That is impossible in only 14 rounds. However, let me give you an example of having both 5 head and 3 head in a 24-round flip.
Let us define x=head, o=tail.
xox,xoo,oxx,oxo,xxx,xxo,oox,ooo
This represents a set of 8 3-round flips, and there is one 3-head flip, xxx; however, there is also one 5-head flip, xxxxx.
It all depends on how many flips we are going to do, there will be 3-head, 4-head, 5-head ... and so on.
The average 14 rounds required is based on below rules :-
1) You flip a fair(50/50) coin continuosly.
2) once you get 3 head in a row, you STOP immediately and record total no of flips since first flip, including the last three flips, say R.
3) You repeat 1) and 2) for X times.
4) Average rounds to have a 3 head in a row = (R1 + R2 + R3 + . . ...Rx)/X = 14. !

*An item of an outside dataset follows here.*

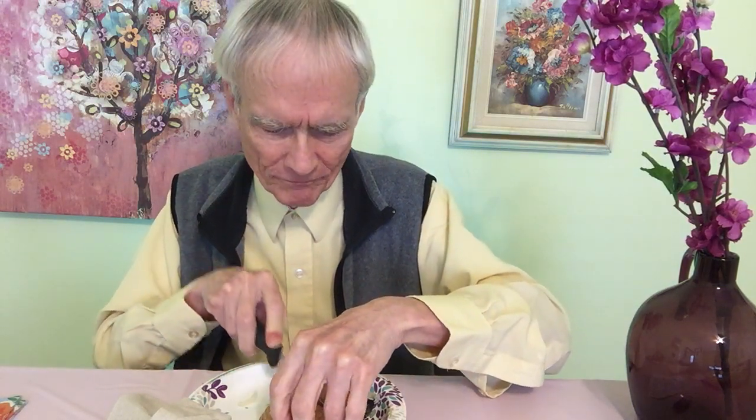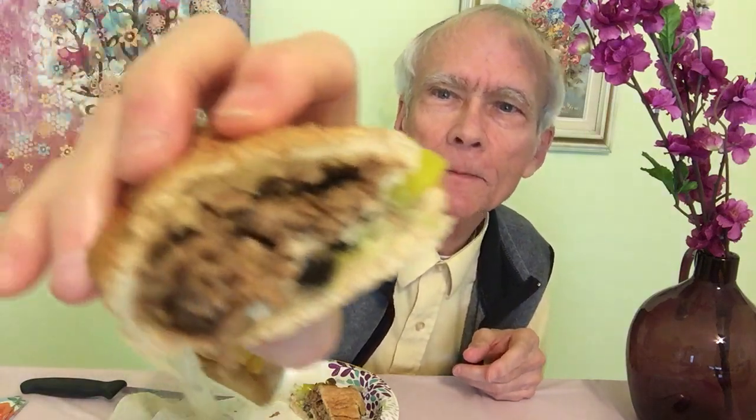I don't know if it would matter to show you a cross-section of this, but here we are — there's a cross-section of our sandwich. There's a lot of meat in here. There's more meat here than meets the eye.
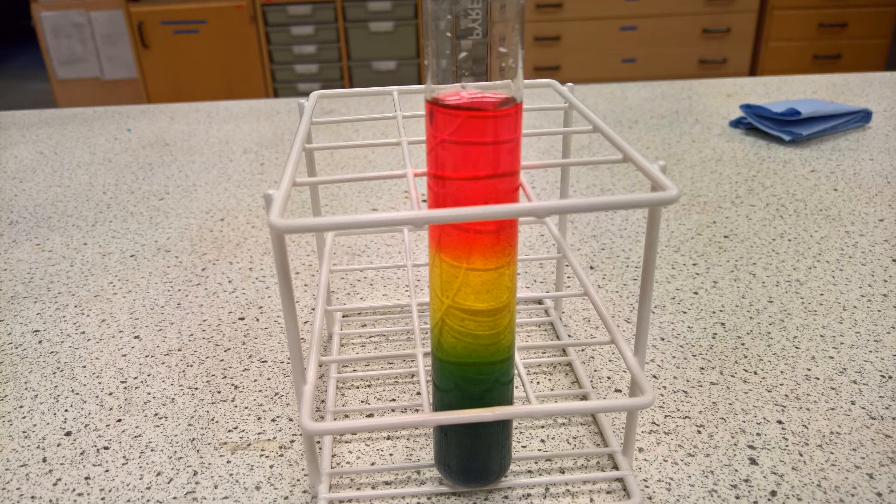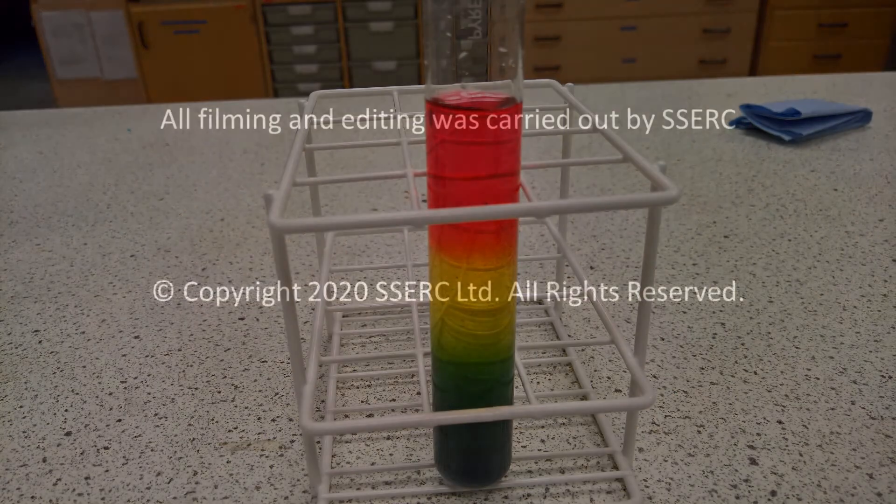The gradient will stay in place for an hour or more, and can be an attractive ornament in your laboratory.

If involve tie/push(break or not break the streak), as per Midwest PlayerBJ promo, it will be more complex, you have to solve 5 simultaneous equations as describe in post #9. For Midwest Player BJ promo, the average rounds required to have a 5 winning streak(pushes not break the streak) is 84.28441, with p=0.4332, q=0.4788,r = 0.0880.
If p=0.4332, q=0.5668,r = 0, average rounds required to have a 5 winning streak is 113.88099.
If p=0.475, q=0.525,r = 0, average rounds required to have a 5 winning streak is 76.86738.
When r = 0, it does not matter pushes break the streak or not.
Last edited by James989; 11-21-2021 at 09:18 PM.
This becomes clearer for me now. Can you demonstrate the calculation for the average number of required flips for a 3 head streak? It seems to me the above number X is infinite and thus it is impossible to calculate. If I can understand this number 14, I should be able to understand your blackjack streak calculator.
It's exactly a three-head streak, because you stop as soon as you get three heads! Then you record that number. You do this over and over again and take the arithmetic average of the results. That number is 14. Stop beating this to death. There's nothing more to be said about it.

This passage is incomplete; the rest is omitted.